While the early Celtic Christians invented Old Jack, the British Isles had other monsters to fear tracing back to their Pagan days. Yet others reflected the evolving political history of the Isles. Early on, people carried lanterns on Samhain night and went out in groups lest they run into any of a host of wicked characters. They might run afoul of a Pucah (or Pookah) a shapeshifting faery prone to both seduction and outright kidnapping. This was far from the only lurking shadow.
The Lady Gwyn (or Wen) was a woman who appeared dressed in white, sometimes headless and evil, sometimes playing the role of a benign lost soul. Similar to many spirits associated with Allhallows, she chased travellers she caught wandering in the night. A popular folk song describes this lady:
A tail-less Black Sow and a White Lady without a head
May the tail-less black sow snatch the hindmost.
A tail-less black sow on winter’s eve,
Thieves coming along knitting stockings. (Howard)
This seemingly nonsensical verse may combine forgotten goddess images with water spirit images. Different folktales about white ladies and about the White Lady appear throughout the British Isles. In one story, a man, seeing her in distress, asks her if he can help, and she asks him to hold on to her hands until she tells him to stop and her troubles would leave her. A barking dog distracted the man so he let go her hands—she disappeared, crying that she was bound for yet another seven years. In a gentler legend, a farmer saw a woman in white scattering rose petals in a sheep’s meadow. When she left, he gathered the flowers. The next day, the flowers disappeared, but he found three gold coins in their place (Hope).

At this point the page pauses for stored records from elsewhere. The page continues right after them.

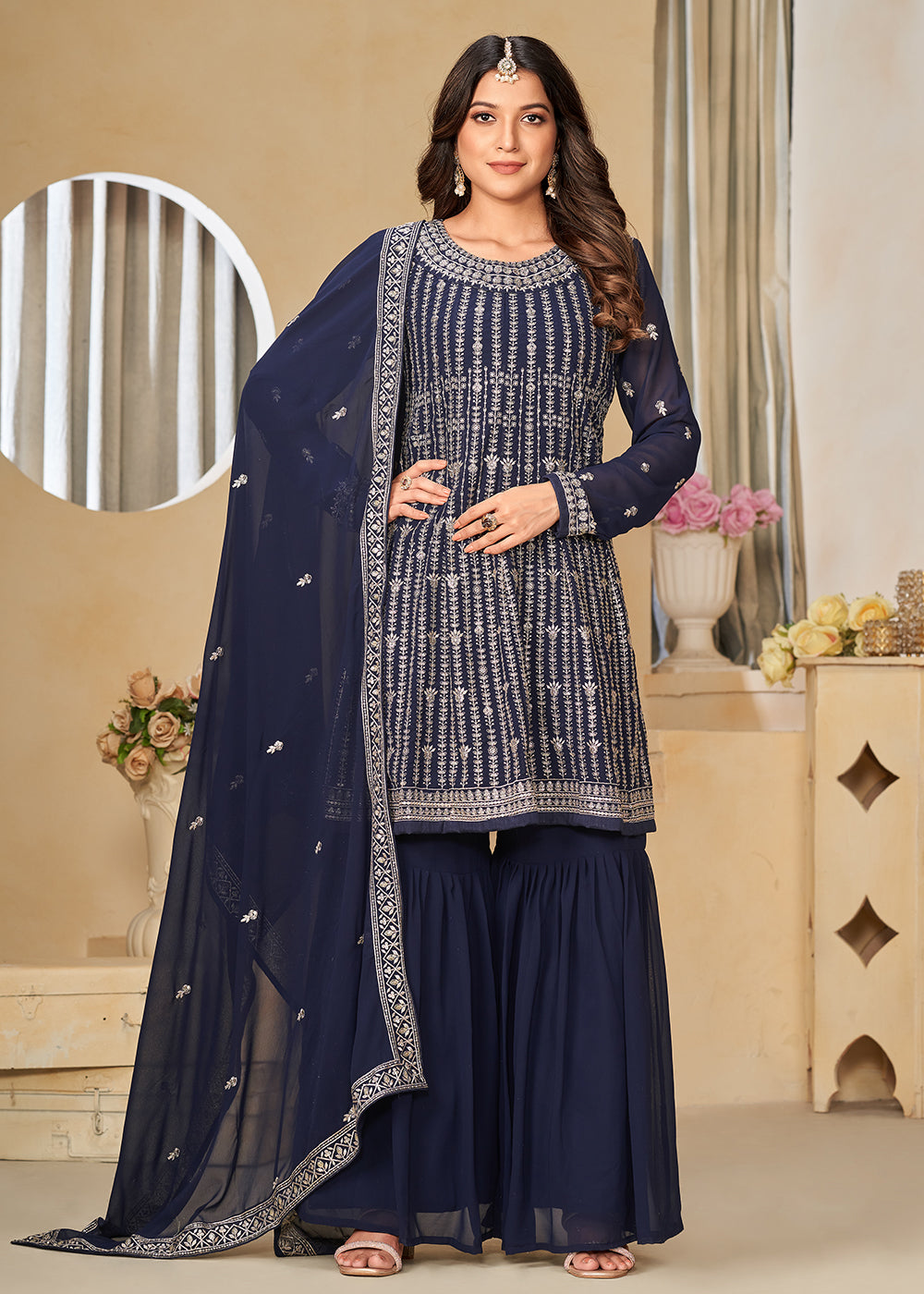 Shop Now Faux Georgette Blue Embroidered Gharara Style Suit Online at Empress Clothing in USA, UK, Canada, Italy & Worldwide.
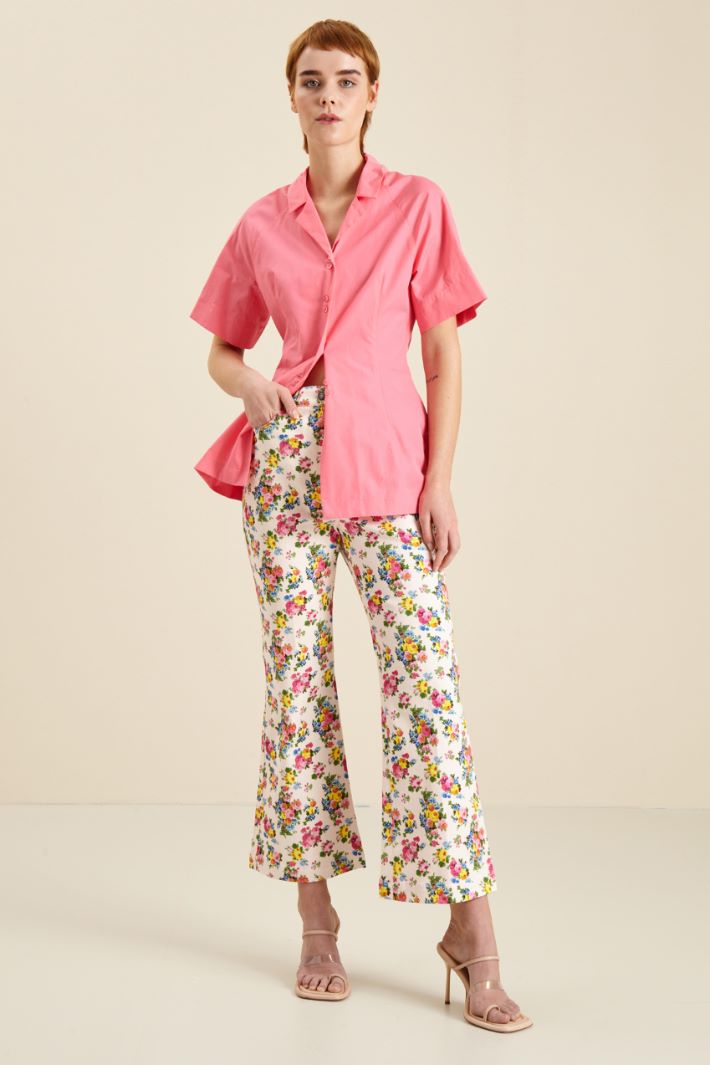 Pantaloni flare stampati - CIPRIA ROSA AZZURRO - Fashion Market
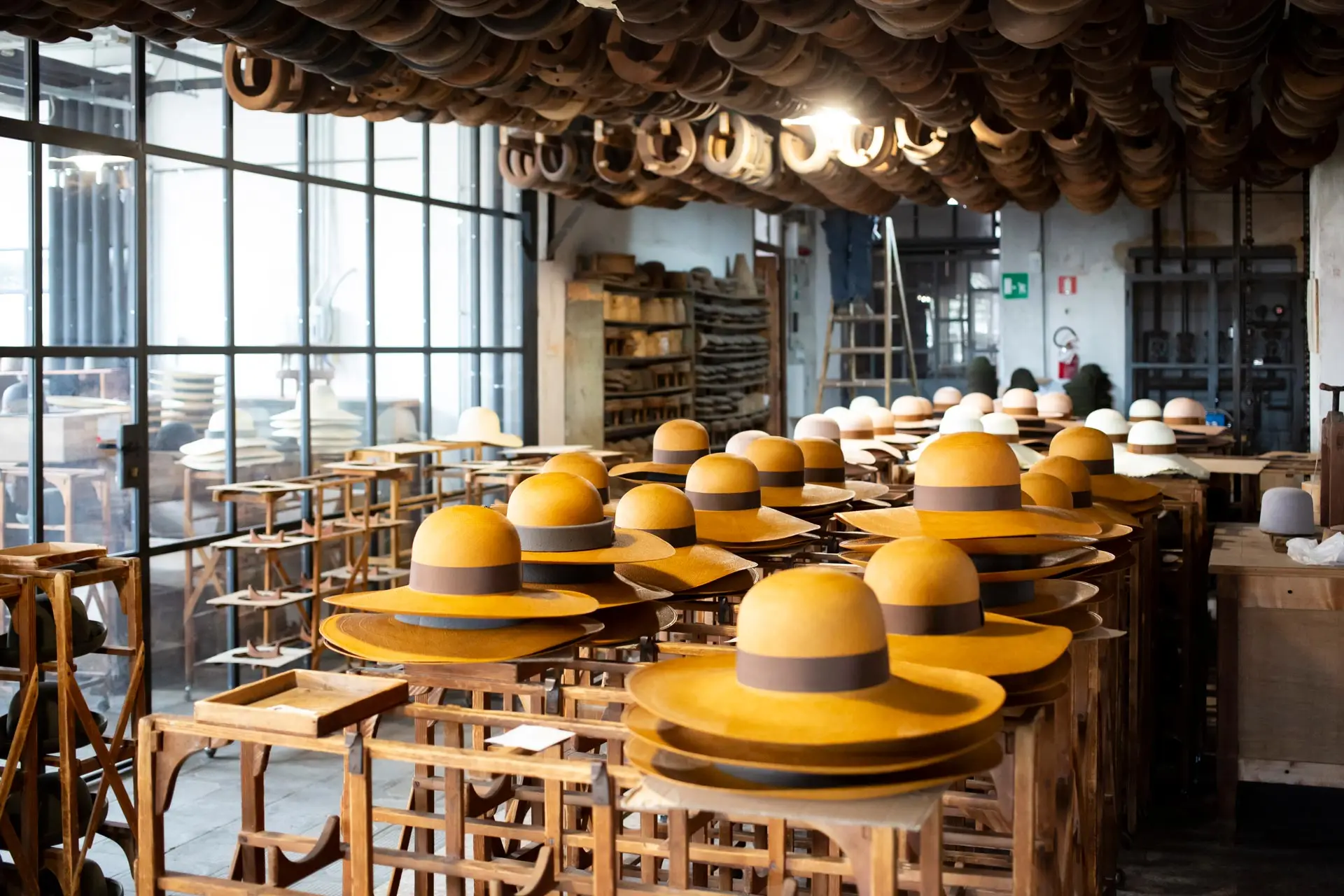 Straw hats in production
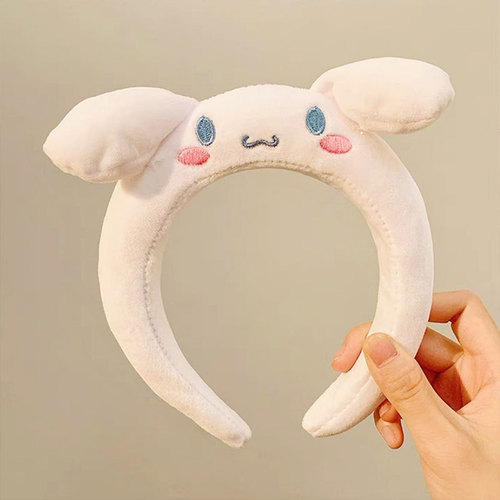 Children's Cartoon Sanrio Melody Cinnamon Dog Face Wash Girl Hairband Plush Wide-Brim Cute Headband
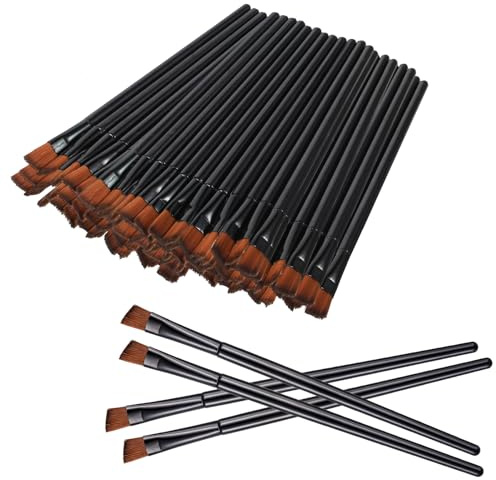 Kifmurase 50 pinceles angulares para delineador de ojos, cepillos cosméticos para cejas, cepillo de tinte, cerdas suaves, corrector, sombra de ojos, herramienta de maquillaje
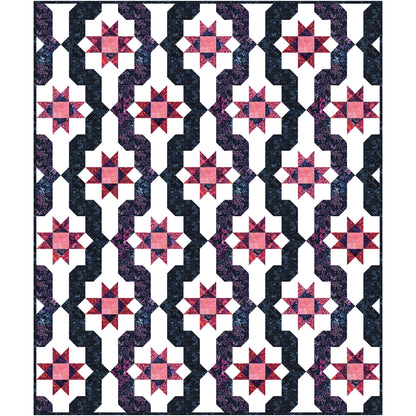 This quilt features rich, bold berry colors that flow across the quilt top in gentle waves and bright stars.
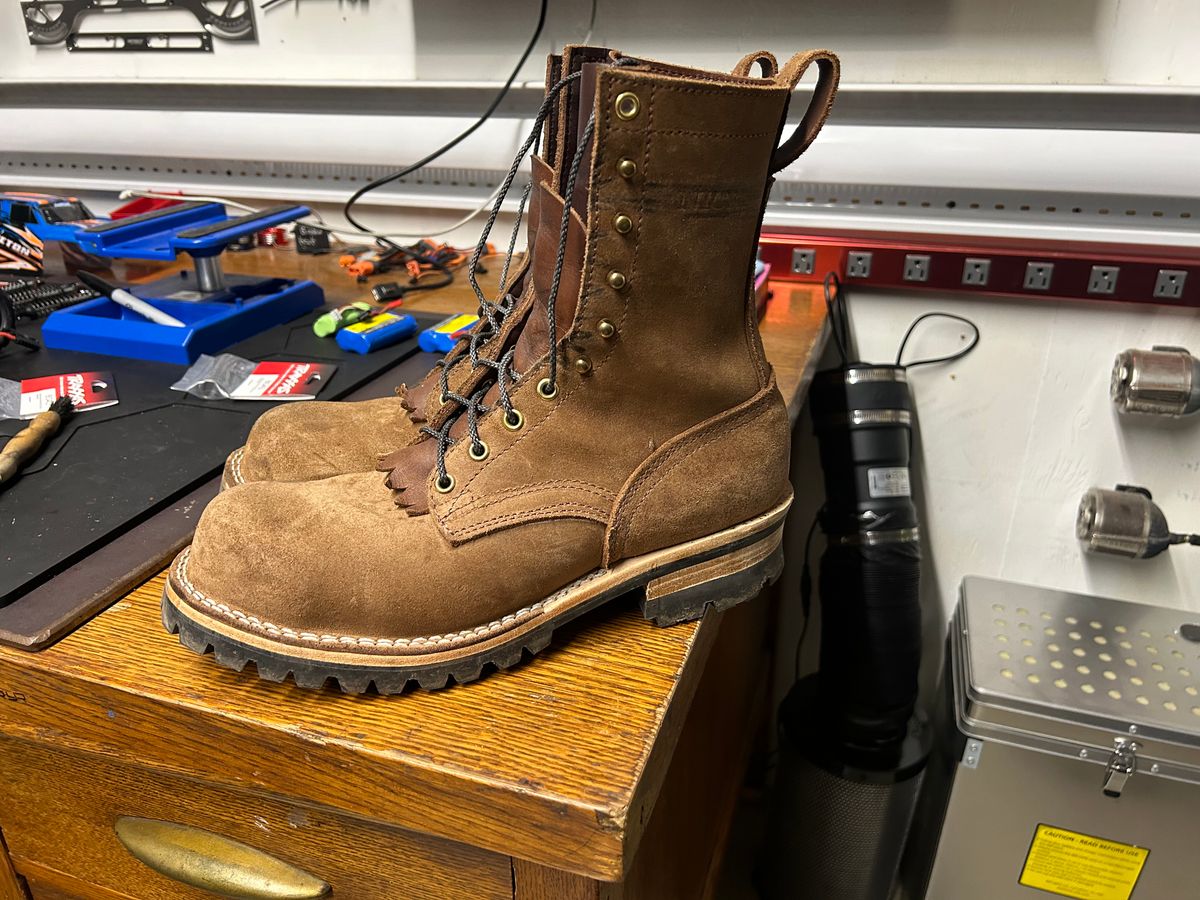 Photo by workman on April 29, 2024 of the Nicks BuilderPro in Seidel 1964 Brown Roughout.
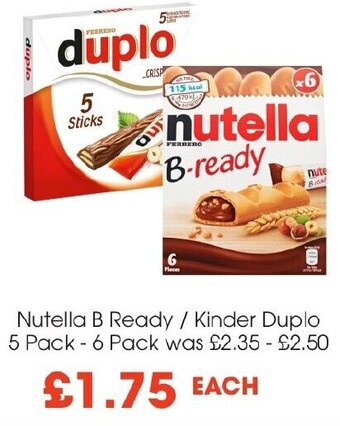 Centra Nutella B Ready / Kinder Duplo 5 Pack - 6 Pack offer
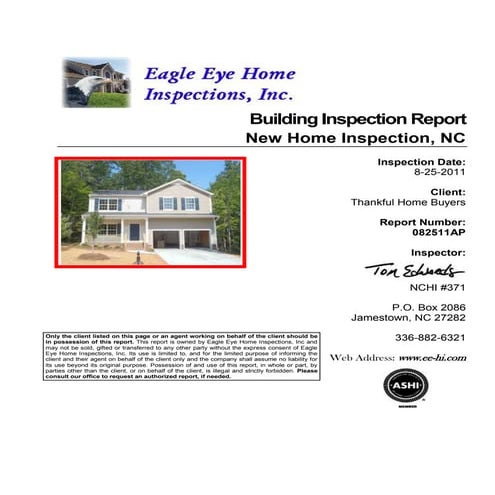 New construction inspection, 082511 ap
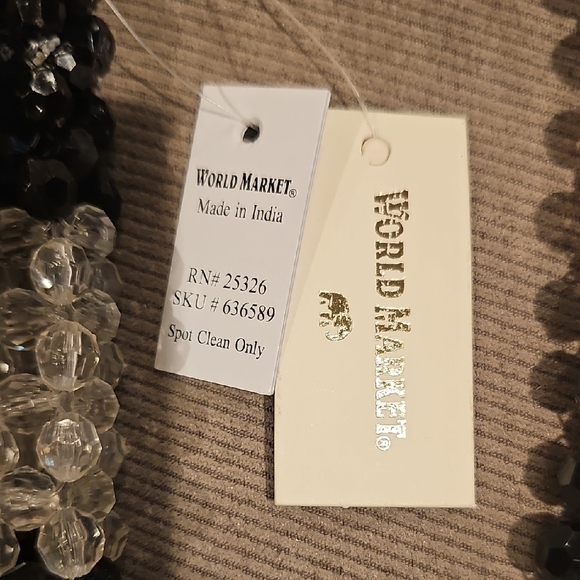 World Market Black and White Beaded Mini Bag - Picture 2 of 3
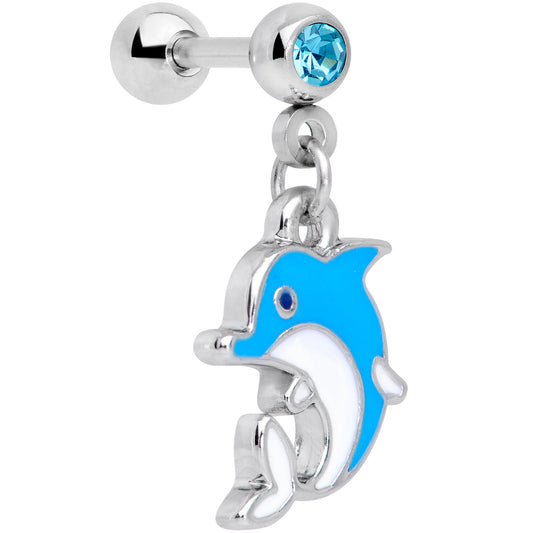 16 Gauge 1/4 Aqua Gem Blue Dolphin Dangle Cartilage Tragus Earring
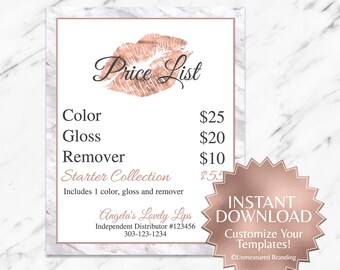 makeup price list etsy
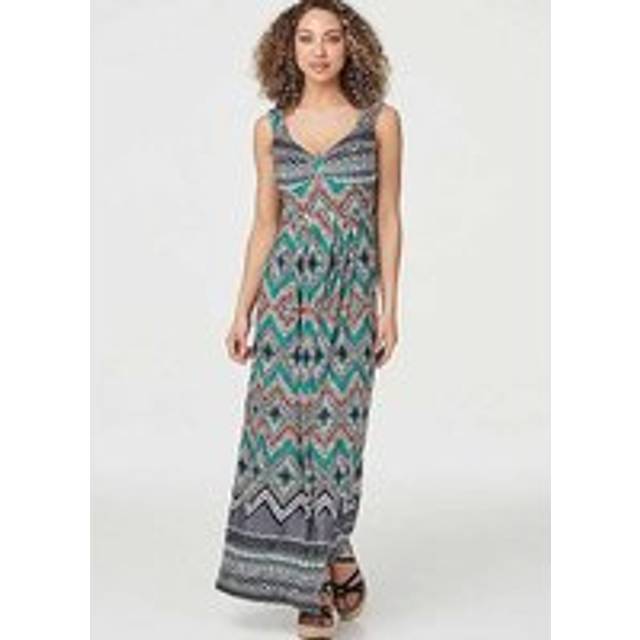 Izabel London Tie Dye Print A-Line Maxi Dress In Green - 18
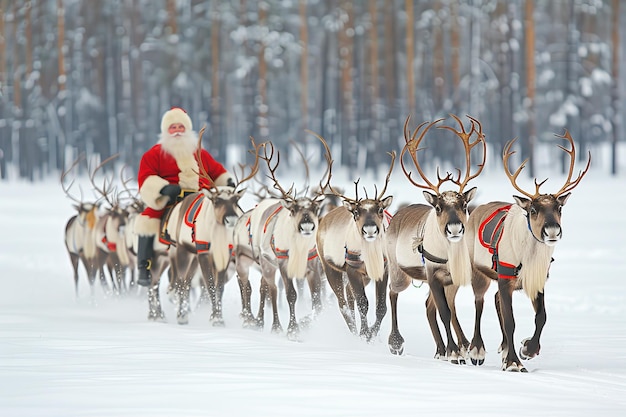 Photo santa claus in traditional red suit on sleigh led by reindeer team winter wonderland scene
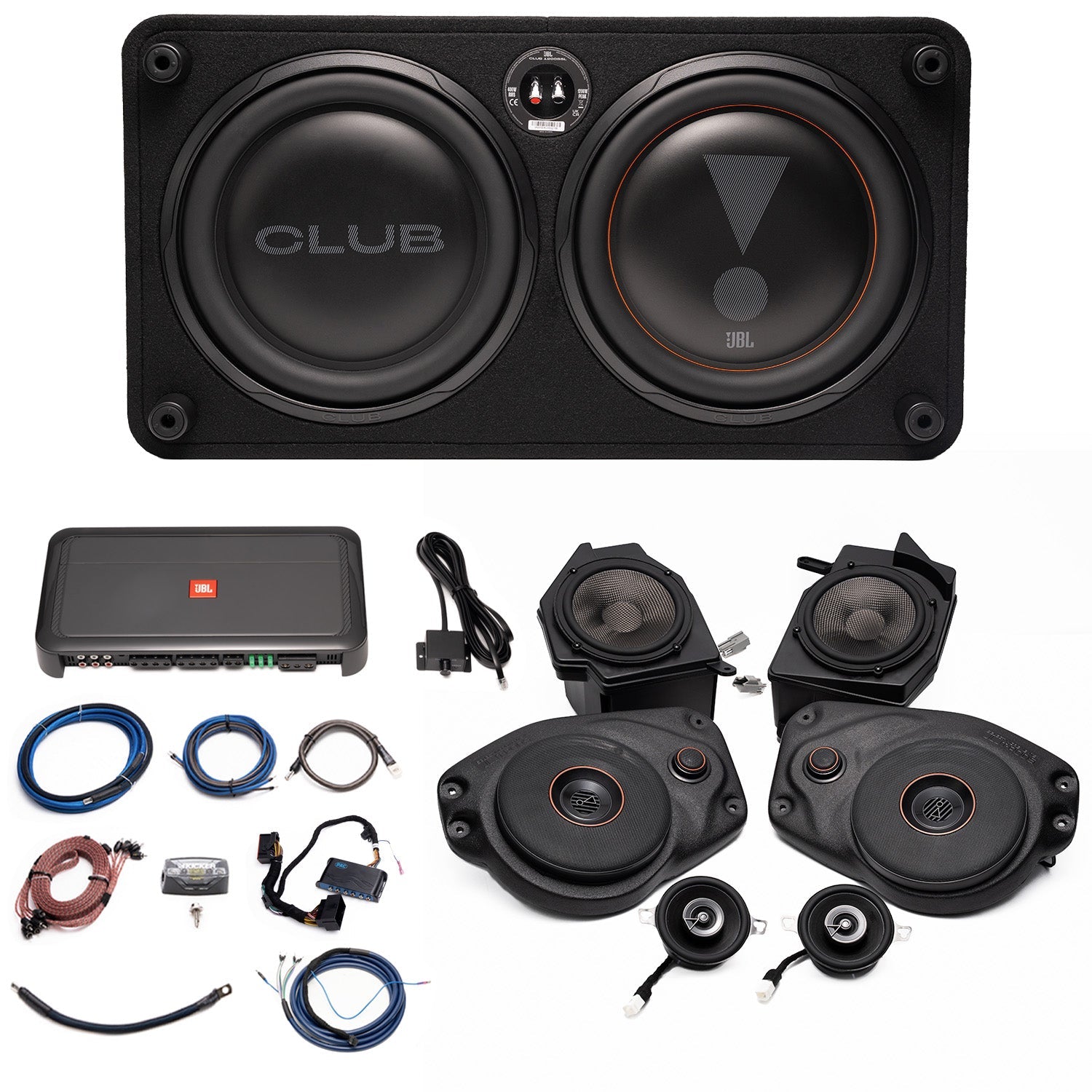JBL Plug and Play Full Club Speaker, 5 Channel Amplifier, Subwoofer Bundle | '18- '23 JL Wrangler/ '20- '23 JT Gladiator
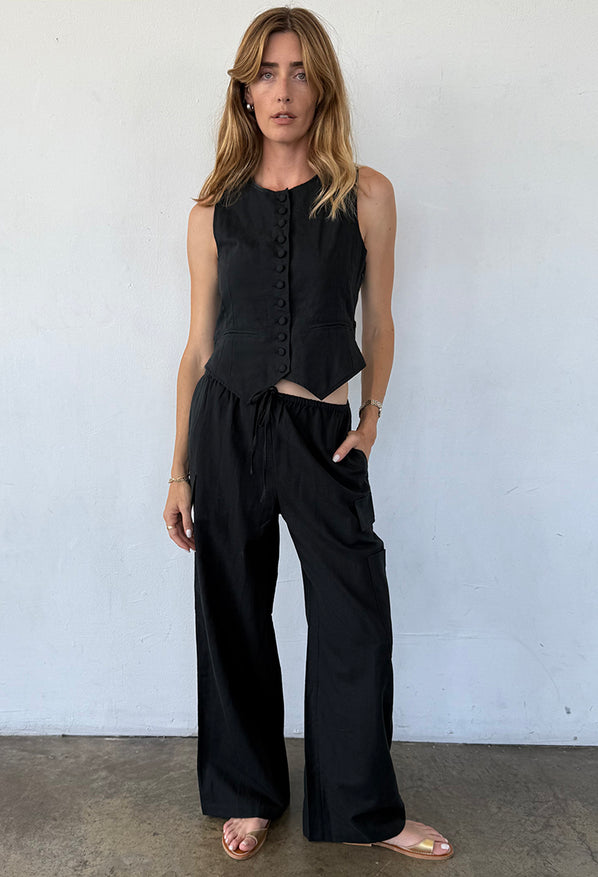 Argento Black Linen Vest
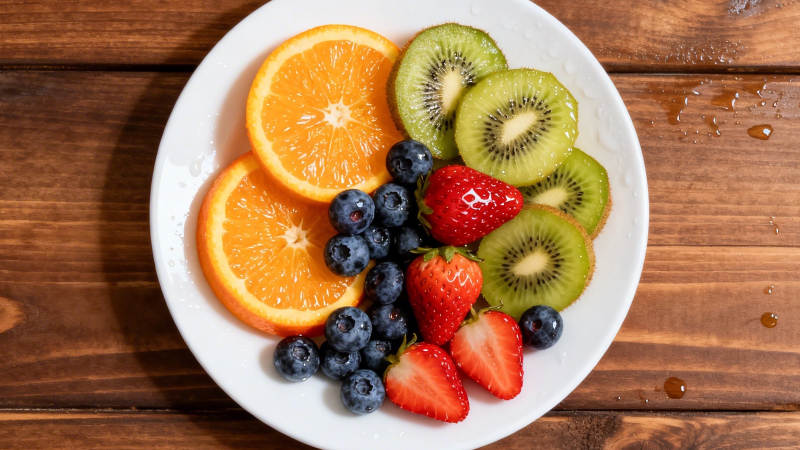 鲜果拼盘 橙莓奇异果草莓图片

In addition to these tales of enchantment, more frightening/less benign White Lady stories appear in different locales throughout Great Britain. In many of these tales, her character is a tragic figure—victim of murder or suicide—or is a guardian of treasure. In other stories, she appears as a spirit that dances in memoriam on the site of mass deaths, and in yet others she is herself a banshee and a death omen. While often the stories speak of a white lady, in Wales the stories become specific: the Lady Wyn is a specific Lady in White associated with Samhain. A white lady, on the other hand, can refer to a specific class of spirits mainly notable for appearing wearing white, usually in traditional funeral shrouds.
Scholar J. C. Beck posits that White Lady/Lady Wyn lore is an example of the entity’s gradual downgrade as Paganism waned and Christianity rose in Great Britain. The Lady Wyn may have begun as a goddess, then downgraded to a water/well spirit, and at last downgraded to a ghost story. A black sow, often associated with Lady Wyn, at one time symbolized the goddess Cerridwen in her
crone aspect. This suggests that the Lady Wyn is actually the goddess Cerridwen, appearing to the inhabitants of the land in a new way (Cuhulain). As Christianity demonized Paganism in Europe, stories about her began to represent her as more wholly evil.